[Data entries]
━━━━━━━━
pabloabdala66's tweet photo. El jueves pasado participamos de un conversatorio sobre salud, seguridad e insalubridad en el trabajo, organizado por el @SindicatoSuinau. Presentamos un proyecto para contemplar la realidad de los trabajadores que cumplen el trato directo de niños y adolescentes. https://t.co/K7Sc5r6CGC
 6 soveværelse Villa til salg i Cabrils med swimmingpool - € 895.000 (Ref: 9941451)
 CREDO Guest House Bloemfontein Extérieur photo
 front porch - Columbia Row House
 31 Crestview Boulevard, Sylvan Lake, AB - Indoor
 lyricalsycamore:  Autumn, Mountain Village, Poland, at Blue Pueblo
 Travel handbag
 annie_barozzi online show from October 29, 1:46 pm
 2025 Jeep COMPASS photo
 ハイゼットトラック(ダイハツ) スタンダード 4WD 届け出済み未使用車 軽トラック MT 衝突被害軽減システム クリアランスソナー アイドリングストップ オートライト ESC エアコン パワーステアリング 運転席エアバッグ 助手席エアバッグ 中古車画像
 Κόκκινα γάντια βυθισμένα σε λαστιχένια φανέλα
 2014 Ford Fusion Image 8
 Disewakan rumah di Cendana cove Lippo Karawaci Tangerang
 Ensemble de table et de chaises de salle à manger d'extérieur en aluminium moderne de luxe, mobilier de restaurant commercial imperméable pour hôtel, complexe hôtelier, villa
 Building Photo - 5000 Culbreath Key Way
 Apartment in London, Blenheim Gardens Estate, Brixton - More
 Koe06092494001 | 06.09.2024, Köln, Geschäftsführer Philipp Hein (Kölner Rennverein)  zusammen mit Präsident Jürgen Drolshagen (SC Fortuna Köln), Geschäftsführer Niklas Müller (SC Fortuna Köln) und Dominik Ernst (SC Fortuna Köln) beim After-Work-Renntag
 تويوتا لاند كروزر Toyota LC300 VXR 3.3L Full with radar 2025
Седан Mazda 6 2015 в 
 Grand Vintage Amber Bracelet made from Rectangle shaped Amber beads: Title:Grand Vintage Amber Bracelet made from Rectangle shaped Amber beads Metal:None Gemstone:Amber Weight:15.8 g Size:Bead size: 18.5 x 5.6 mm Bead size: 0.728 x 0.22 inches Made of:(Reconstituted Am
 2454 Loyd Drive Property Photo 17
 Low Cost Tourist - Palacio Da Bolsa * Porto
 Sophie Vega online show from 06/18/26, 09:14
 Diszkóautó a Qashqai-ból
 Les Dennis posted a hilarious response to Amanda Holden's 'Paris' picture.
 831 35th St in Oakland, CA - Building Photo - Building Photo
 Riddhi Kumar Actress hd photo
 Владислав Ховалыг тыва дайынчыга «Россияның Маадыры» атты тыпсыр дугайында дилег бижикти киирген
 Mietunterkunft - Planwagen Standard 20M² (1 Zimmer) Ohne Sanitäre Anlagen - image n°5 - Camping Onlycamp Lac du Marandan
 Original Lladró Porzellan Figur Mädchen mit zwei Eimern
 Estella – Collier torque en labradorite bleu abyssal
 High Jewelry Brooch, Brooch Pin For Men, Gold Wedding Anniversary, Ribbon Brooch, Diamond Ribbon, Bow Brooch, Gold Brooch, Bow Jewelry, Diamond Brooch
━━━━━━━━
Report each line of the entries where the word "Building" occurs.

● **ANSWER TO THE EXERCISE**:
 Building Photo - 5000 Culbreath Key Way
 831 35th St in Oakland, CA - Building Photo - Building Photo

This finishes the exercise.